When we started measuring, it took us a little over 2 seconds to recalculate the pivot, COUNTIF, SUM, and chart. That was already best-in-class. (Excel and Google Sheets lose by default, since they can’t even load this much data to begin with.)

But we weren’t satisfied. And if you give our team of stellar systems engineers a clear target to optimize and the opportunity to work at it, they’ll make as fast as can be.

Just last month, my new colleague Tim MacPherson shipped a change that brought us under half a second for the first time! And we’ve recorded another 10% improvement since then.

How did we do it?

The wins have come from all over the spreadsheet engine. Better hashing algorithms. Improved parallelism and locality. DAG optimization. Static analysis. There’s no silver bullet, and every improvement compounds.

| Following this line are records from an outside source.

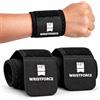 Generico SET 2 Polsini Palestra - Fasce da Polso per Sollevamento Pesi, Crossfit e Bodybuilding - Wrist Wraps Regolabili Supporto Polso Allenamento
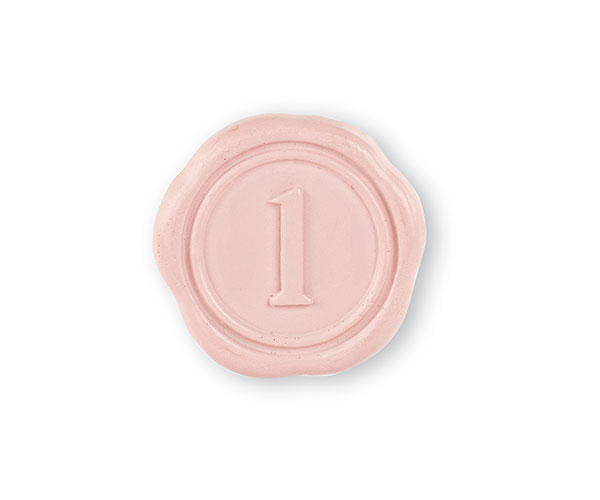 CERALACCA ROSA 1 +ADESIVO ø 35 MM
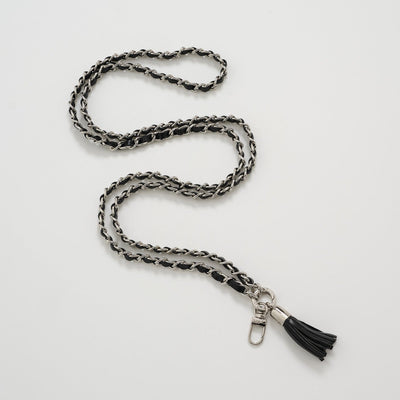 Amy Taylor X Hitched Crossbody & Hand Straps Black / Silver The Artemis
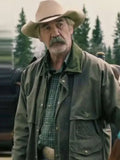 Heartland S19 Shaun Johnston Green Jacket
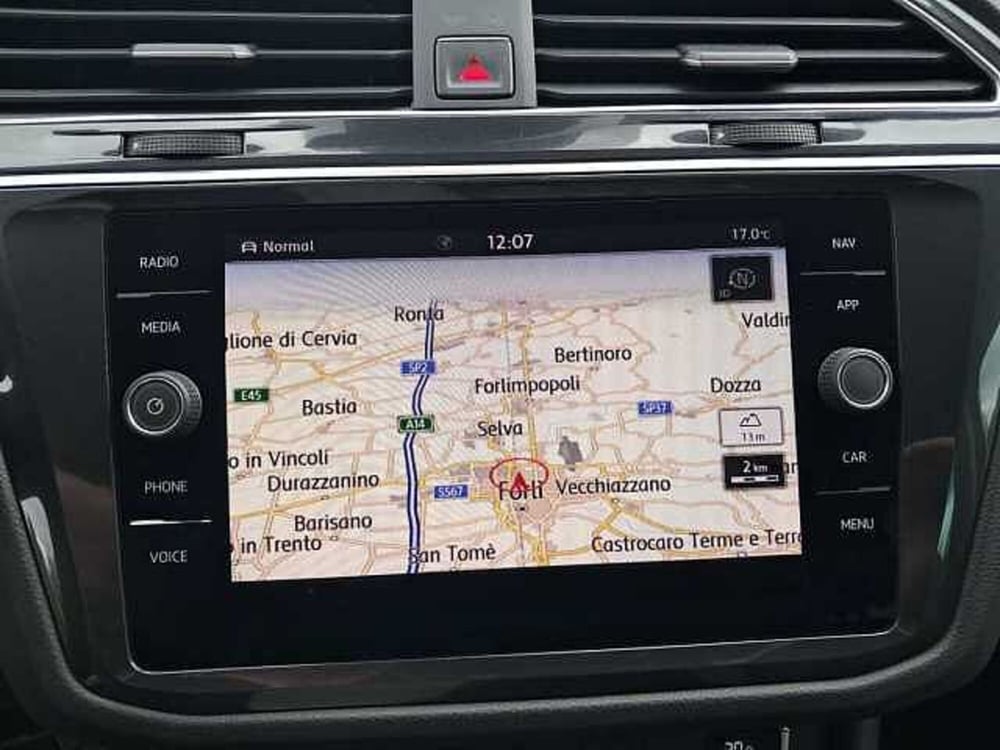 Volkswagen Tiguan usata a Forlì-Cesena (12)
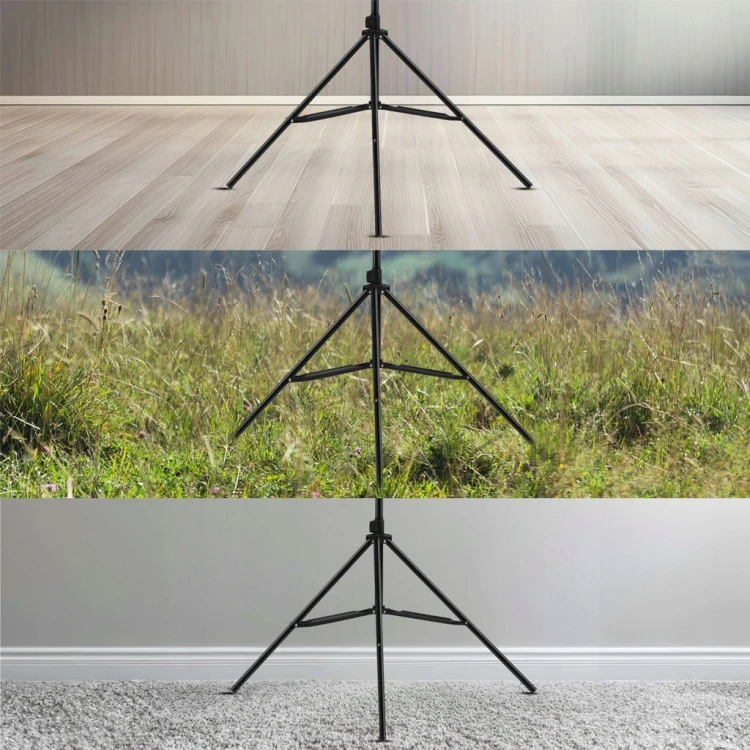 Statyw pod projektor Overmax STATYW 1/4 OŚWIETLENIOWY LAMP STUDYJNY do 10kg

Tim’s recent change, for example, sped up computation of where in a column of data a COUNTIF predicate matches, essentially by using hash keys that are cheaper to compute when comparing two values for equality.

The key is that we have established consistent benchmarks, giving us a stable target to improve over time — and ensuring we don’t regress performance as we continue to add new features.

What’s next?

We aren’t done. There’s probably at least another 10% win to be found, by the next new engineer we add to the Row Zero team. And we’ll keep measuring and optimizing more and more complex cases as our customers push the boundaries of what’s possible in Row Zero. This is the frontier of spreadsheet performance.